Contudo, também em declarações à Renascença, Faria Costa, antigo provedor de Justiça, assinalou que a delação premiada “não é mais do que uma forma de corrupção ética”.

"É, indiscutivelmente, uma forma de fazer com que o Estado, que deve ser uma pessoa de bem, aceite formas enviesadas da procura e investigação criminal. São coisas muito sérias e não têm que ser baseadas em forma de corrupção ética”, afirmou o penalista.

Na lista de 45 testemunhas arroladas por Rui Pinto, figuram vários nomes sem ligação conhecida aos factos que constam no processo, mas que poderão relevar o interesse público das informações expostas.
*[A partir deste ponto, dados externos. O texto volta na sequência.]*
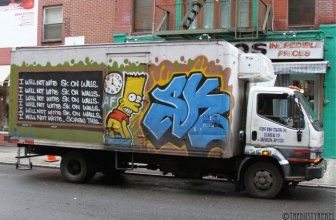 Graffiti Vans And Trucks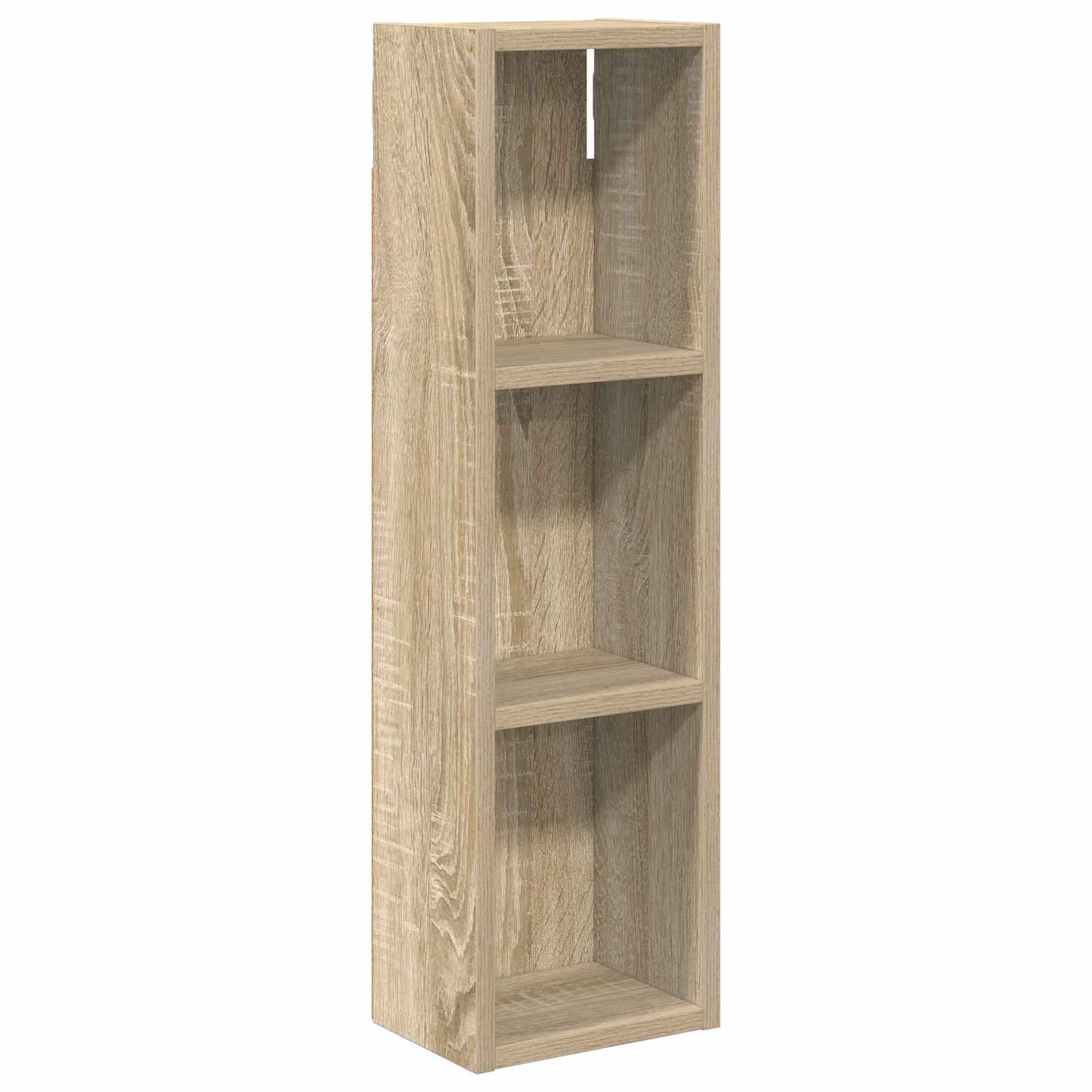Badkamer wandkast met plank Sonoma Eiken 20 x 14 x 70 cm is nu te koop bij PeponiXL, paradijselijk wonen!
Destacam-se o denunciante norte-americano Edward Snowden, a ex-eurodeputada Ana Gomes, o diretor da Polícia Judiciária (PJ), Luís Neves, o treinador Jorge Jesus ou o jornalista e ativista angolano Rafael Marques.

Arranca o julgamento de Rui Pinto


Rui Pinto encontra-se em liberdade desde 7 de agosto, “devido à sua colaboração” com a PJ e o seu “sentido crítico”, de acordo com a justificação da juíza Margarida Alves, apesar da oposição do MP. Porém, por questões de segurança, encontra-se inserido no programa de proteção de testemunhas em local não revelado e sob proteção policial.

Detido na Hungria e entregue às autoridades nacionais com base num Mandado de Detenção Europeu, o arguido esteve em prisão preventiva desde 22 de março de 2019, até 8 de abril de 2020.

A 17 de janeiro, o Tribunal de Instrução Criminal de Lisboa pronunciou Rui Pinto por 90 crimes, em vez dos 147 que constavam da acusação do MP. Na leitura da decisão instrutória, a juíza Cláudia Pina defendeu que Rui Pinto “nunca poderia ser enquadrado na categoria de ‘whistleblower’”, pois teve uma “atuação diversa à de denunciante de boa fé” e agiu de “modo ilícito”.

O início do julgamento está agendado para as 09h30 desta sexta-feira, no Tribunal Central Criminal de Lisboa, no Campus da Justiça. Em média, terá três sessões por semana, durante os próximos meses.